The Silkworm

by J. K. Rowling

Several months after solving the Lula Landry case, Cormoran Strike is tasked by Leonora Quine with locating her novelist husband Owen, a former literary genius whose attempts to recreate his past success have failed. Owen disappeared around the same time his latest book, Bombyx Mori, was leaked. The book has been deemed unpublishable due to its mixture of sexual assault, torture, and cannibalism as well as its slanderous depiction of the people in Owen's life. In addition to Leonora, Strike sets out interviewing the other people portrayed in the manuscript: Owen's lover Kathryn Kent, protégée Pippa Midgley, agent Elizabeth Tassel, editor Jerry Waldegrave, publisher Daniel Chard and former friend Michael Fancourt. The suspects, however, soon turn on one another, accusing and counter-accusing each other of killing Owen and ghostwriting Bombyx Mori.

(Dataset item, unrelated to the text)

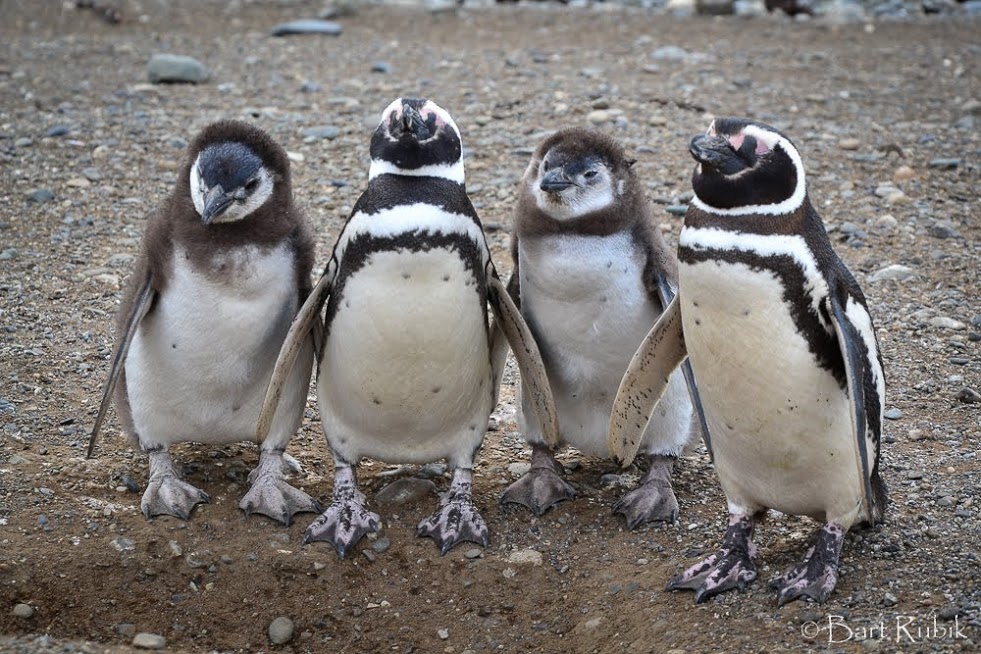 Patagonskie pingwiny, ziemia ognista, foto Bartek Rubik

As the investigation commences, Strike's relationship with Robin Ellacott gradually deteriorates, as she feels neglected by him and he feels unwilling to put her in a position where she is forced to choose between her job and her fiancé Matthew. The animosity is tempered when Strike finds Owen's body, which has been mutilated, doused in acid and posed to resemble the ending of Bombyx Mori. Metropolitan Police later arrest Leonora for the murder, prompting Strike to set out clearing her name. Robin, meanwhile, strains her relationship with Matthew after she almost misses his mother's funeral to help Strike and gets caught telling a lie. She later confronts Strike about his intentions only to be warned that she will be asked to do things Matthew will not like if she becomes an investigator.

With the case against Leonora piling up, Strike focuses on Fancourt, whose character in the manuscript is inconsistent with his relationship to Owen. Several years earlier, after Fancourt's wife wrote a novel that was panned by critics, an anonymous parody's release prompted her to kill herself. Fancourt accused Owen of authoring the parody and Tassel of enabling him. Strike soon deduces Bombyx Mori is a metaphor for someone else's life and Owen was intended to be the antagonist rather than the hero. Realizing the manuscript was penned by a ghostwriter, he creates a plan to confront the killer. He later approaches Fancourt at a party and asks to speak to him in private. When Tassel, who is also in attendance, joins them, Strike accuses Tassel of being Owen's killer and the ghostwriter.

Tassel, a failed author herself, wrote the parody of Elspeth's novel, which Owen used to blackmail her for twenty years. When he approached her with the original concept for Bombyx Mori, Tassel concocted an elaborate plan. She conspired with Owen to stage his disappearance, rewrote Bombyx Mori, killed Owen and framed Leonora. Tassel attempts to flee, only to be caught and arrested, which Strike and Robin planned in advance. Sometime later, Leonora is released from prison, Fancourt acknowledges the original Bombyx Mori manuscript's literary value, and Strike tells Robin that he enrolled her in investigative training courses as a Christmas gift.